Persuaded he’s Crowley reincarnated, he’s also looking for a red headed woman whose blood he needs to perform the Chemical Wedding ritual to grant him immortality. Or something. Having crucified one bewigged imposter, he turns attentions to Lia (Lucy Cuddon), his ginger-tressed tutor group campus reporter. At one, admittedly inspired point, he even faxes her his semen.

Ah, but she’s having a thing with Mathers who, having now pieced the puzzle together, realises he has to save her, reverse the suit’s process and stop Crowley redux from getting it on with the Whore of Babylon. Or something.

The prologue, with John Shrapnel as a lascivious aged Crowley drooling over a couple of impressionable students (who will, of course, resurface several decades later) before he pops his clogs, is actually quite interesting; as is mention of rivalry with L Ron Hubbard and their common initiate, 1940s American rocket scientist Jack Parsons.

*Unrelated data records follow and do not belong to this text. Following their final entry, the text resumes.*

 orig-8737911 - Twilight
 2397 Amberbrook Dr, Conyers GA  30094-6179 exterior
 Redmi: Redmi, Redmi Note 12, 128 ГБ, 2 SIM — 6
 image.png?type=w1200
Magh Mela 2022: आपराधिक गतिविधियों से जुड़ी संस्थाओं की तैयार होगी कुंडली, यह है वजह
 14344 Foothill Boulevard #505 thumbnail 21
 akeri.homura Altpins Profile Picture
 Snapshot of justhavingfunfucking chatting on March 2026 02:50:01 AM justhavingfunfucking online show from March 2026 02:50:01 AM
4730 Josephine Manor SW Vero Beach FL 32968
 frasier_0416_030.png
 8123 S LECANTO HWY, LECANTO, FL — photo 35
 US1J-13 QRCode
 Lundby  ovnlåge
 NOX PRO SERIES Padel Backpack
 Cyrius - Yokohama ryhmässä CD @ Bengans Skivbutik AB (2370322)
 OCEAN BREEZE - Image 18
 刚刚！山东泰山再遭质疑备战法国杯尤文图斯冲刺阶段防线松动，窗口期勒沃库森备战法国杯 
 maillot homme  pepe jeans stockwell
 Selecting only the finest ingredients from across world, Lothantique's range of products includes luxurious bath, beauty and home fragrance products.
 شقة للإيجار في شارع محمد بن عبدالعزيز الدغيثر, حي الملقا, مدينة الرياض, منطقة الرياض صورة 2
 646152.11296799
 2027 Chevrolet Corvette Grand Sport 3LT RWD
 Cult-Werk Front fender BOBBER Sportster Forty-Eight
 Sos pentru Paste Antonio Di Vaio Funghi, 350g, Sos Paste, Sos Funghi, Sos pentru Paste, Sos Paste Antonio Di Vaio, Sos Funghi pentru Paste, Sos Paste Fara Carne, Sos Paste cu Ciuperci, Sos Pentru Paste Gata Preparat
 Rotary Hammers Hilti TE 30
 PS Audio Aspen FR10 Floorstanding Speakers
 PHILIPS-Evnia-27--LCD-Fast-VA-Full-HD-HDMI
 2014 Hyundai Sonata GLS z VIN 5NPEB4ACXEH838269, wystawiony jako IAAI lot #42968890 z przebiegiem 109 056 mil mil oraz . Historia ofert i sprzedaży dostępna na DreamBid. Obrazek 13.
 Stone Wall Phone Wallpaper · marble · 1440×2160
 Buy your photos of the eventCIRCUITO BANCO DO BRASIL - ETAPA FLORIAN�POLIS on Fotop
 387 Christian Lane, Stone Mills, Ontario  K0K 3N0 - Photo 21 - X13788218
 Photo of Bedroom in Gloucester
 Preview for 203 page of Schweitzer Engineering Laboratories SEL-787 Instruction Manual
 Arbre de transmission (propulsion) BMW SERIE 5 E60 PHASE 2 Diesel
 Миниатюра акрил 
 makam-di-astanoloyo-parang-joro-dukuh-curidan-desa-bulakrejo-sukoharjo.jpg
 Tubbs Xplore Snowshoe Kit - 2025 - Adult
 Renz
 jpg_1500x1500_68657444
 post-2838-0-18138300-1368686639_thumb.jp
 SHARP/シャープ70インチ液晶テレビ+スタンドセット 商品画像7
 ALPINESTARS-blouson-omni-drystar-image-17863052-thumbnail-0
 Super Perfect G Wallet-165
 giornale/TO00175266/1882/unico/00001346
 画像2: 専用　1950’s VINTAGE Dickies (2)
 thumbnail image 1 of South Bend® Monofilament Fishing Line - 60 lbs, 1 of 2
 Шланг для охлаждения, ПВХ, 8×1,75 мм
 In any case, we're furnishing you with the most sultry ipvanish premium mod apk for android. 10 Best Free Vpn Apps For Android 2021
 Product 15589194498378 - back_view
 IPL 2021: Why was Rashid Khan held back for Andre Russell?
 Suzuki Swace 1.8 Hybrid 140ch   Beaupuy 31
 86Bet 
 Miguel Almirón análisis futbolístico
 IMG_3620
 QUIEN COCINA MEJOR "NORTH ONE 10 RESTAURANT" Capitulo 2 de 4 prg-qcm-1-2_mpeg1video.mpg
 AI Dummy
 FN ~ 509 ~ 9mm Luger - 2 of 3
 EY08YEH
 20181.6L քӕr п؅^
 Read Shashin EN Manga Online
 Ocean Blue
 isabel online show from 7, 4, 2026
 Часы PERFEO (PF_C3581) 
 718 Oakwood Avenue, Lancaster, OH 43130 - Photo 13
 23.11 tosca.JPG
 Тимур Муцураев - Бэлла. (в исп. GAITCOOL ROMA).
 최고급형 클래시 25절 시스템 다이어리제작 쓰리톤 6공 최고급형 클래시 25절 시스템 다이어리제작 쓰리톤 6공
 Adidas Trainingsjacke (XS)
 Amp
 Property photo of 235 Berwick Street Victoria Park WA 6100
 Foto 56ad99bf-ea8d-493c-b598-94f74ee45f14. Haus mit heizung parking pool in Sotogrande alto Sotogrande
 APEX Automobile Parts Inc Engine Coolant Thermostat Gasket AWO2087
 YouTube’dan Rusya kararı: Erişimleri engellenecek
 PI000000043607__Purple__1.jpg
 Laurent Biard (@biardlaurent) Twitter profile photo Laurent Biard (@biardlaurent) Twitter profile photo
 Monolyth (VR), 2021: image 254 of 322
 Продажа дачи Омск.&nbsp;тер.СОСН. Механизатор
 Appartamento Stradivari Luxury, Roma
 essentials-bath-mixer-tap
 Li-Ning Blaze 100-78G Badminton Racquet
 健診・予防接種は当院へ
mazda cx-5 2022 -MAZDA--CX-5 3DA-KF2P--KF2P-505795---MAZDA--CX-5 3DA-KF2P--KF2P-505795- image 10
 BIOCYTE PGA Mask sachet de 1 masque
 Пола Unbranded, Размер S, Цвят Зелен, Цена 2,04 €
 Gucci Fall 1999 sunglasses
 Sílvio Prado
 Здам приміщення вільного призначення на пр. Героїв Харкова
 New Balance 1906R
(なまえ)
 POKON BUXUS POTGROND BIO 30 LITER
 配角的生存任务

Unfortunately, presumably worried it might affect any future job prospects with Tom Cruise, this fascinating angle is quickly excised and no further mention made.

Instead, you’re left with increasingly camp and increasingly incoherent (huge chunks having been hacked away in the editing) horror farce that tosses in unexplained references to quantum mechanics (Schroedinger’s cat!) and confused talk of a fusion between science and spiritualism between cheap titillation shots of naked orgies.

Weber, Cuddon and, indeed, practically everyone gives the sort of blank, wooden performances that wouldn’t have passed muster in an Ed Wood film, leaving the field clear for Callow, spouting Crowley’s ‘do what thou wilt shall be the whole of the law’ dictum every other line, to provide the sort of ham that might have resulted from a cross between Laurence Olivier and Babe.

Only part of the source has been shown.